Launched by the NSF Directorate for Technology, Innovation and Partnerships in May 2022, the NSF Engines program harnesses the nation's science and technology research and development enterprise and regional-level resources. Delivering on the bipartisan priorities outlined in the “CHIPS and Science Act of 2022,” the program received nearly 700 concept outlines from every U.S. state and territory. In August, NSF named ReNEW as one of its 16 finalists.
“The Great Lakes ReNEW program is a wonderful opportunity, bringing together private and public institutions to perform use-inspired research, product development, workforce development and translation,” said Eric Perreault, Northwestern's vice president for research. “Northwestern is a proud member of this consortium, and we look forward to collaborating with our partners to create benefits for the Great Lakes region that are far greater than what any of us could have done alone.”
With a potential NSF investment of nearly $1.6 billion over the next decade, the NSF Engines represent one of the single largest investments in place-based research and economic development in the nation's history — uniquely placing science and technology leadership as the central driver for regional economic competitiveness and job creation.
Serving the Great Lakes region, ReNEW will aim to turn waste into wealth by determining how to remove dangerous forever chemicals (such as PFAS), valuable minerals (such as lithium) and nutrients (such as nitrogen) from wastewater. Then, American manufacturers can reuse these extracted valuable minerals to enable domestic production of batteries and fertilizers, almost all of which are currently imported.
The Great Lakes Water Innovation Engine is geographically centered on an ecoregion that holds 90% of the fresh water in the United States. Forty million residents of the United States and Canada depend on the Great Lakes for clean drinking water. Built on strong and evolving partnerships across academia, government and end users in industry and utilities, the Engine will develop intelligent water resource recovery system testbeds at multiple scales to demonstrate, integrate and deploy these novel technologies to support sustainable water-intensive industry that is growing in this region.

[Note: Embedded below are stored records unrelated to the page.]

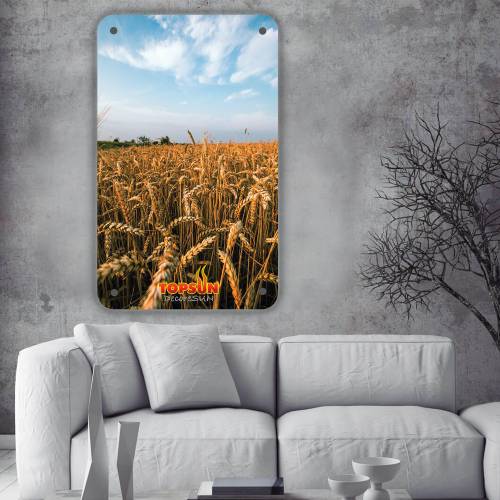 رادیاتور برقی شیشه ای تاپ سان مدل D-905 سایز 90×90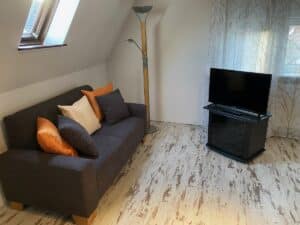 Wohnzimmer mit Sofa und Fernseher in der Ferienwohnung Hartnagel in Bürgstadt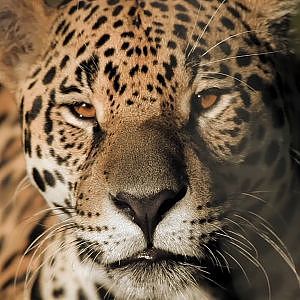 Bioparque M'Bopicuá - YouTube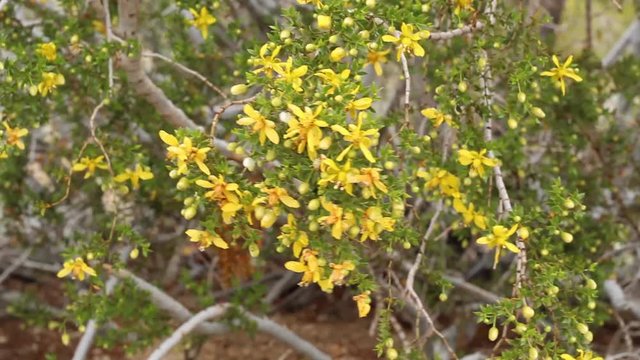 Creosote Bush, Larrea Tridentata, Southern Mojave Desert native plant, in the margins of Twentynine Palms.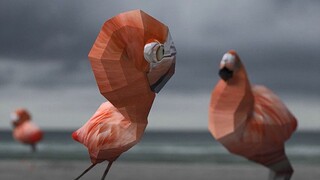 Linh hoạt và có thể thu vào, chim hồng hạc biến hình! "DVEIN VS FLAMINGOS"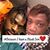 Decrystalle Williams's profile image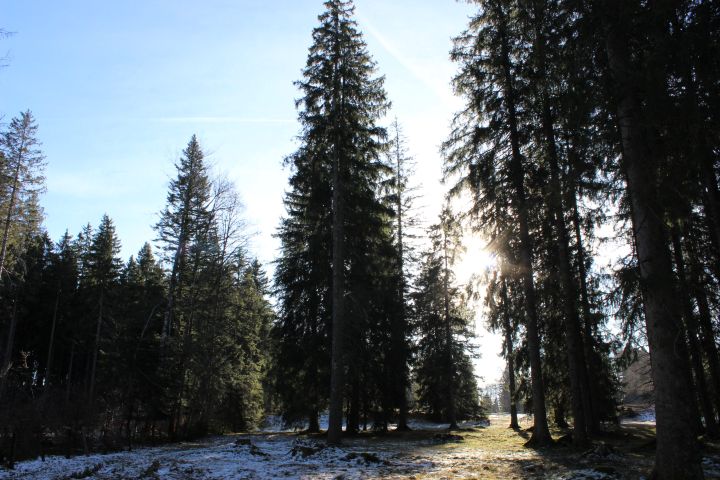 Einsatz für den Umweltschutz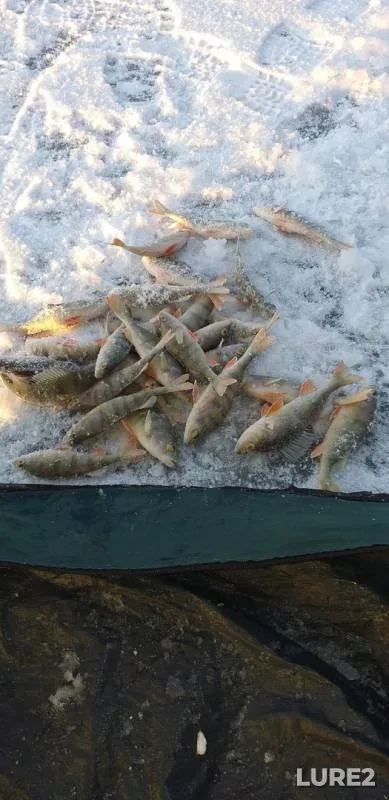 Perch — Krasnoyarskiy kray, Nov 10, 2019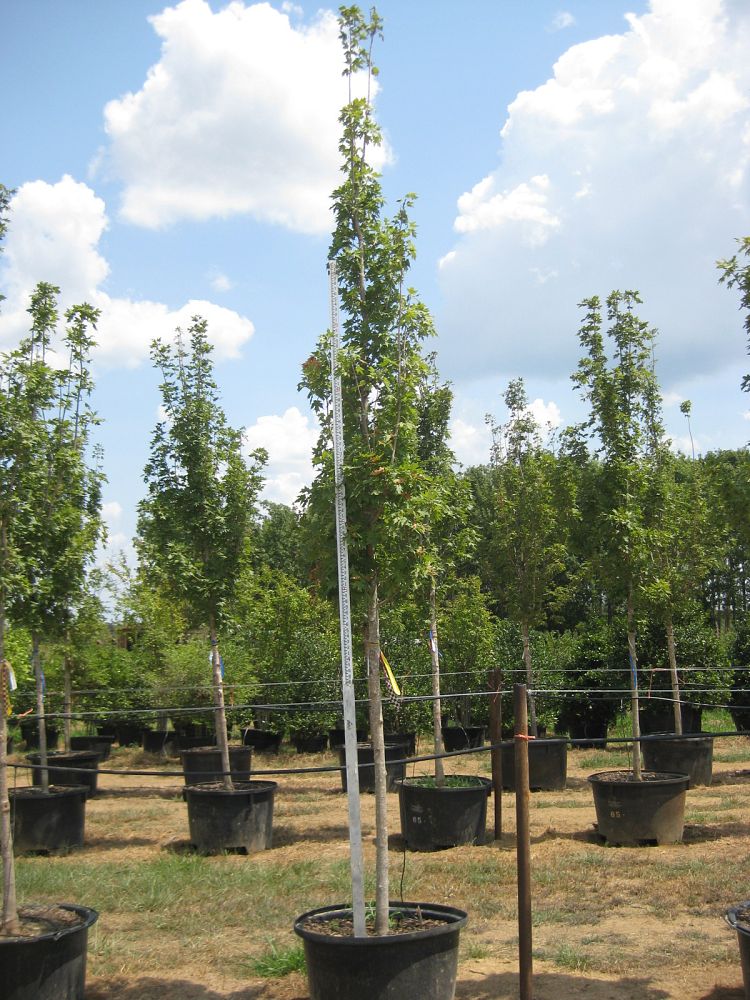 acer-saccharum-caddo-sugar-maple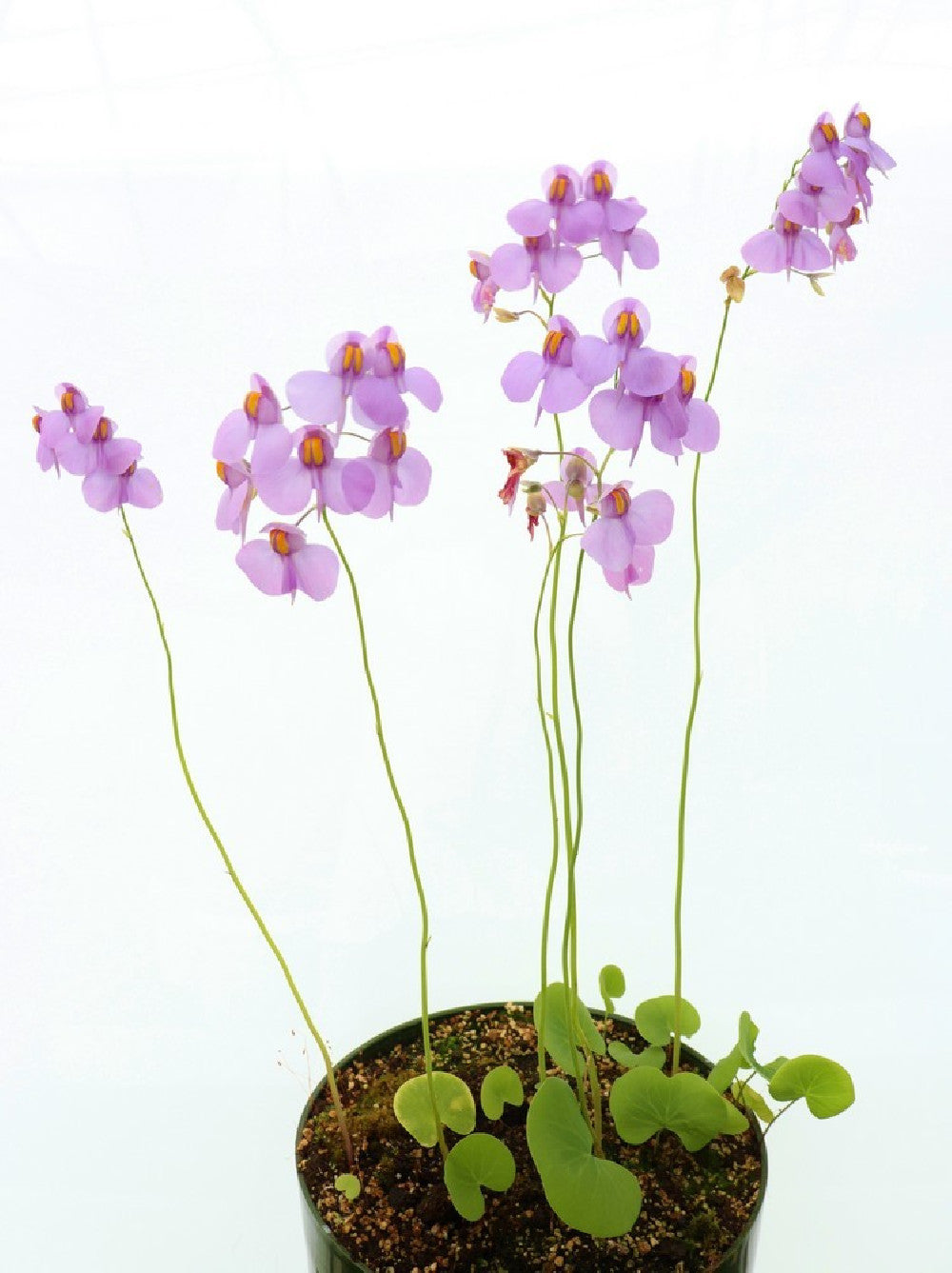 Utricularia reniformis  "Flowering clone"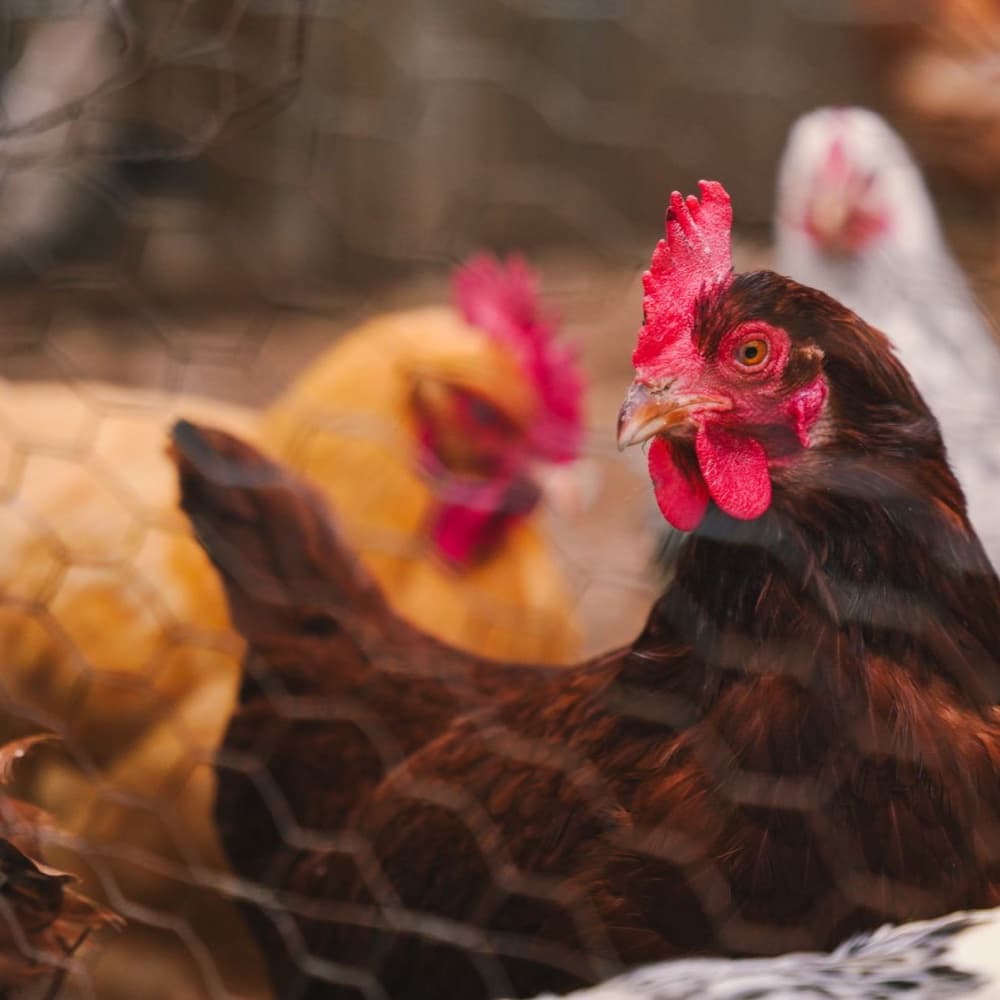 Carne di pollo a Km zero — Antica Fattoria Paesano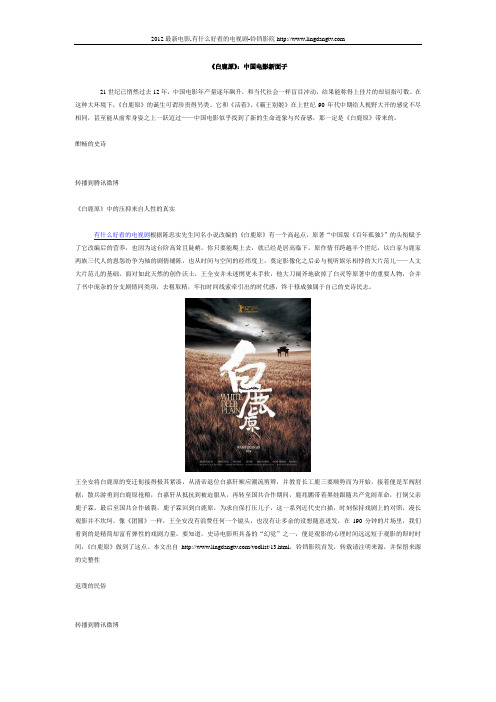 《白鹿原》：中国电影新面子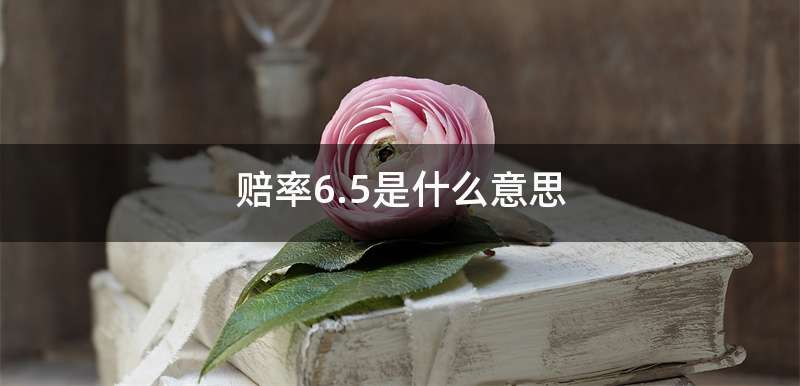 赔率6.5是什么意思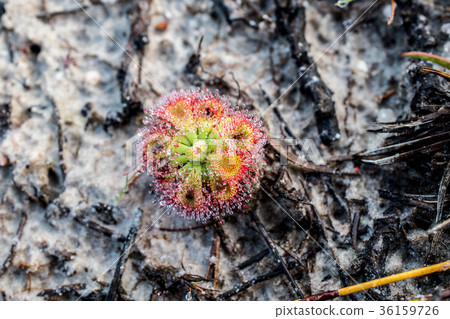 close up Drosera burmannii Vahl with dew close up Drosera burmannii Vahl with dew 36159726
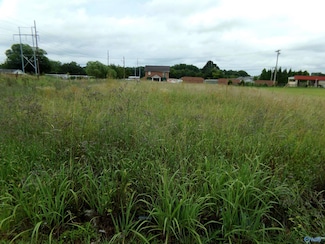 lot005 Sandlin Rd SW, Decatur, AL 35603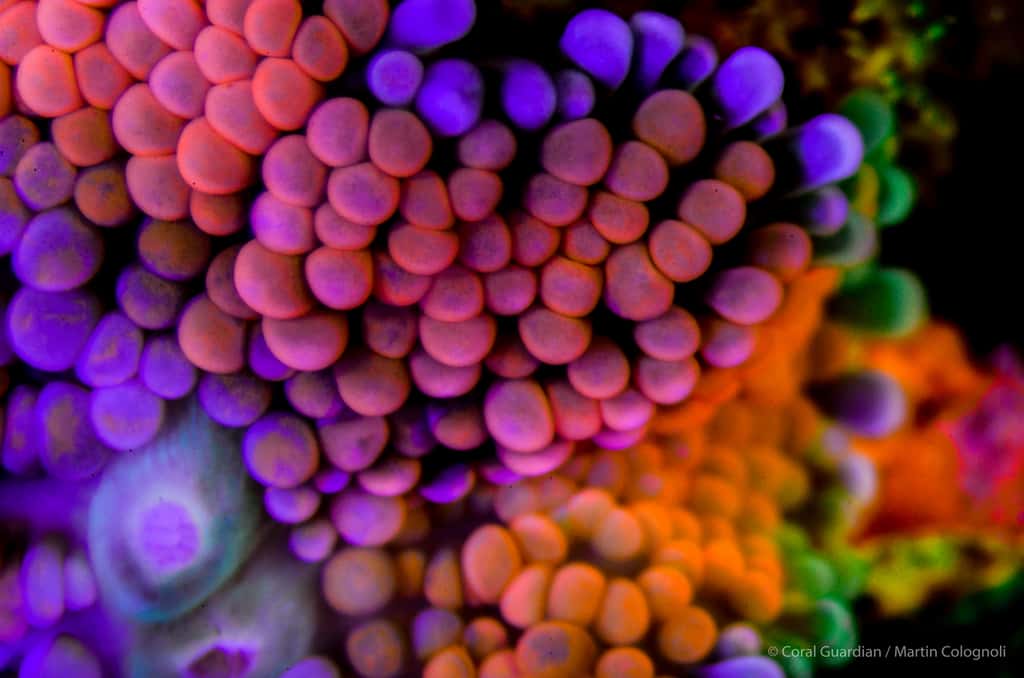 <em>Ricordea-sp.</em> est un corail mou (dépourvu de squelette calcaire) aux couleurs parfois très intenses et variées. © Martin Colognoli, Coral Guardian - Tous droits réservés, reproduction interdite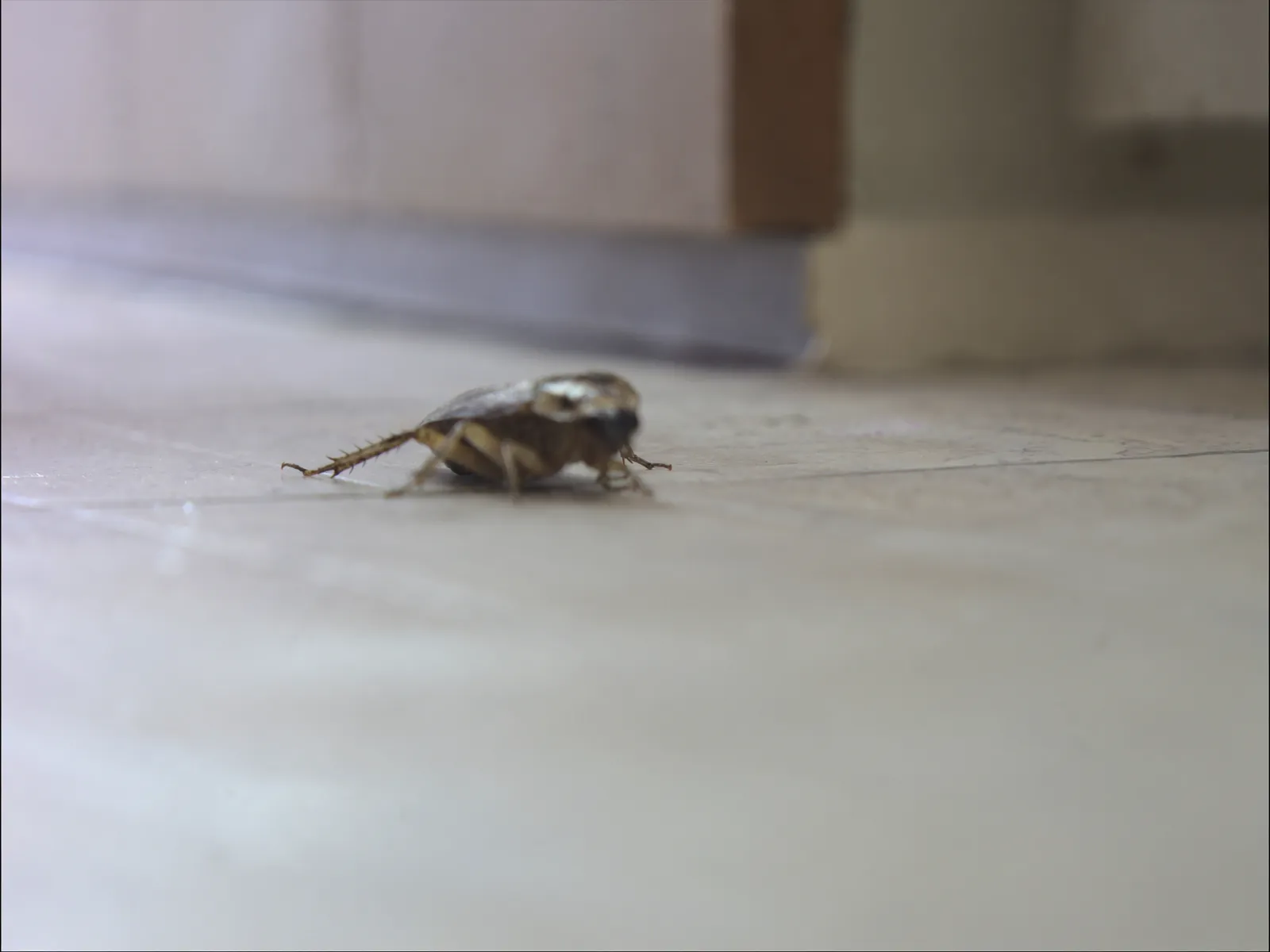 Insektenbekämpfung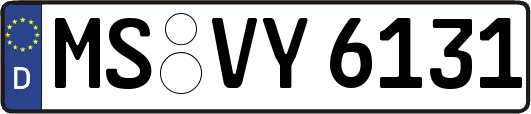 MS-VY6131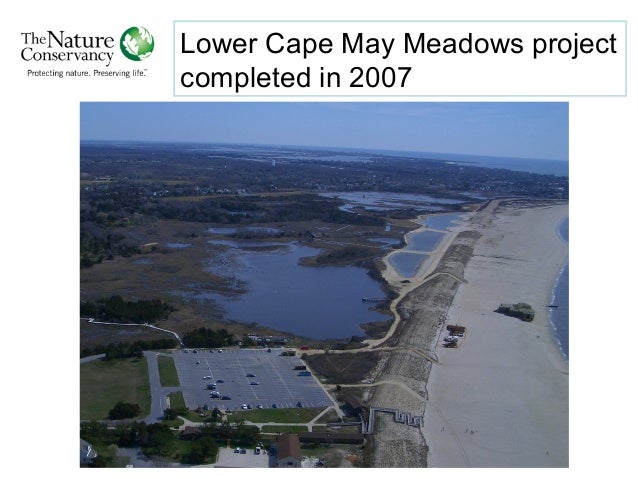 cape environment science unit 2 i a Get this from a library environmental science, food and nutrition 2009 : cape past papers [caribbean examinations council. cape environment science unit 2 i a Get this from a library environmental science, food and nutrition 2009 : cape past papers [caribbean examinations council.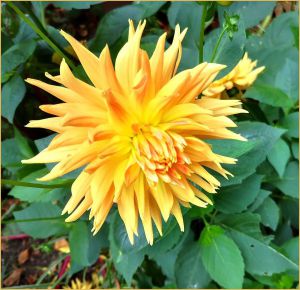 Recette Art Postal et Hommage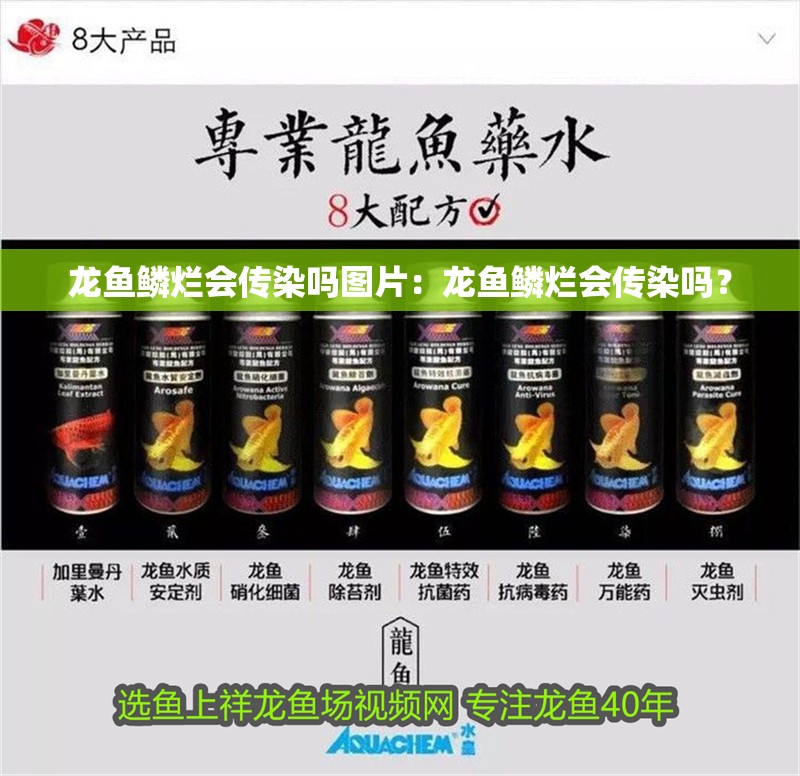龍魚鱗爛會傳染嗎圖片：龍魚鱗爛會傳染嗎？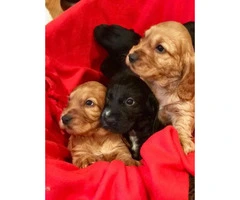Beautiful Cocker Spaniel Puppies for Christmas
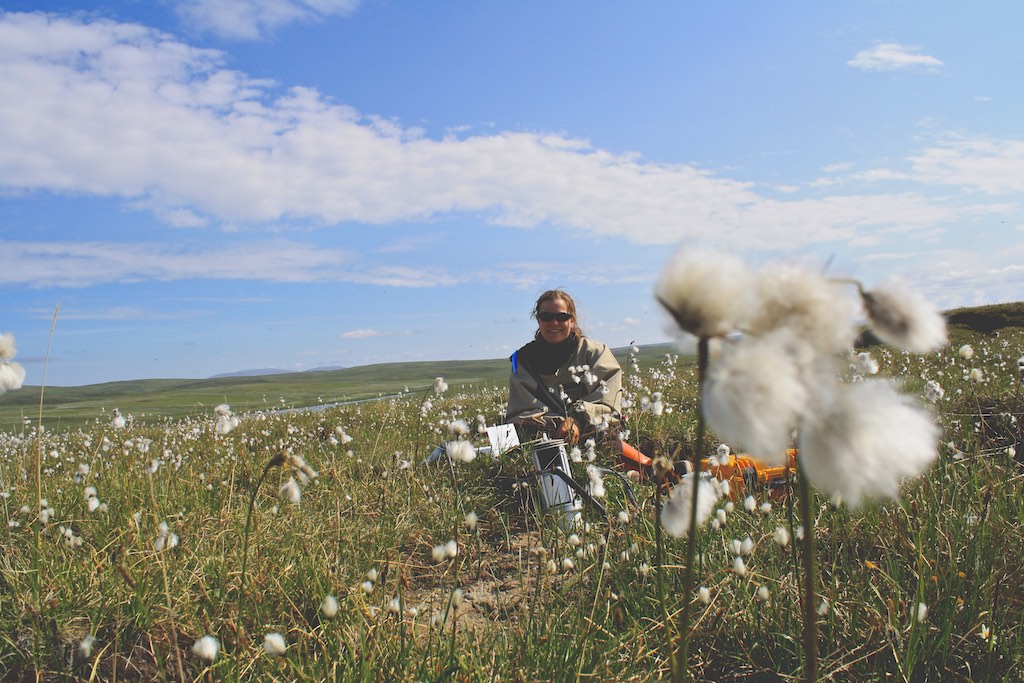 Measuring Soil Respiration, Thermokarst Project - Toolik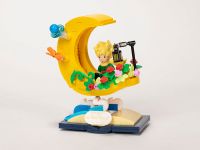 The Little Prince 86318 Конструктор Маленький принц: На Луне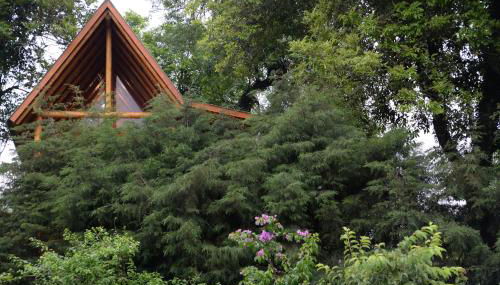 Casa na Árvore - Foto 3, Garden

“ReNEW is the culmination of our concerted efforts to develop water research capability at Northwestern, in Chicago, and across the Great Lakes over the last 10 years,” Packman said. “ReNEW will enable us to implement recent research advances from Northwestern to solve Great Lakes water challenges. It greatly extends the reach and impact of Northwestern water research.”
Great Lakes ReNEW’s 50 partners span research institutions, industry, investors, government and nonprofit organizations — all united by a shared goal to develop and commercialize better technologies to remove impurities from water and extract resources from wastewater.
ReNEW is backed by six Great Lakes states: Illinois, Indiana, Michigan, Minnesota, Ohio and Wisconsin. Illinois’ support includes $2 million in state funding for the innovation engine.
“The Great Lakes are a vital natural resource for the health, wealth and security of our entire nation,” said Illinois Gov. JB Pritzker. “That’s why I’m thrilled that Current was selected to receive this federal award that will help transform our Great Lakes region. Thanks to investments like these, our top-tier workforce, and our industrial resources, we’re leading the clean water and energy revolution.”